-------- DATA SUPPLIED
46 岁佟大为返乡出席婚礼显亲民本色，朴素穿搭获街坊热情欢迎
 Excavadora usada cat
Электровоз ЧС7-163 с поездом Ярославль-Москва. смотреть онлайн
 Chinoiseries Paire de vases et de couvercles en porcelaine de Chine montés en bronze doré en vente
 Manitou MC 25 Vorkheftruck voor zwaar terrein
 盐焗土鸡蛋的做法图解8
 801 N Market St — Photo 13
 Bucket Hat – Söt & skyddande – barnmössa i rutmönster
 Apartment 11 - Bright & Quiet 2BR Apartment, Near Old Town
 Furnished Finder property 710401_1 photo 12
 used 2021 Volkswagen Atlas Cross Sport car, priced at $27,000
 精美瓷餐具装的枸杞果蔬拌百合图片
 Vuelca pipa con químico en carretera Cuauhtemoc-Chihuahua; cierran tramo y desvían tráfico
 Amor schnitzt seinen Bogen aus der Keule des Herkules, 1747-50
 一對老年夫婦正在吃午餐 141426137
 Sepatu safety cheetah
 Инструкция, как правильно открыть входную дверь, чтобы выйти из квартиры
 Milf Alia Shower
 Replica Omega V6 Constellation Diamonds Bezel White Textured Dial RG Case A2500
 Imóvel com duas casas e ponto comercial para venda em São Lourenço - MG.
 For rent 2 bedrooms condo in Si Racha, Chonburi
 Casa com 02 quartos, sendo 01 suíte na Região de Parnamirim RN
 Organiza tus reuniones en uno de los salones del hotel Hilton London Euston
----------------
> TASK BRIEF: The reply should hold only the lines from the beginning of the listing above through the line with "精美瓷餐具装的枸杞果蔬拌百合图片", each one written exactly as it appears.

> RESULT:
46 岁佟大为返乡出席婚礼显亲民本色，朴素穿搭获街坊热情欢迎
 Excavadora usada cat
Электровоз ЧС7-163 с поездом Ярославль-Москва. смотреть онлайн
 Chinoiseries Paire de vases et de couvercles en porcelaine de Chine montés en bronze doré en vente
 Manitou MC 25 Vorkheftruck voor zwaar terrein
 盐焗土鸡蛋的做法图解8
 801 N Market St — Photo 13
 Bucket Hat – Söt & skyddande – barnmössa i rutmönster
 Apartment 11 - Bright & Quiet 2BR Apartment, Near Old Town
 Furnished Finder property 710401_1 photo 12
 used 2021 Volkswagen Atlas Cross Sport car, priced at $27,000
 精美瓷餐具装的枸杞果蔬拌百合图片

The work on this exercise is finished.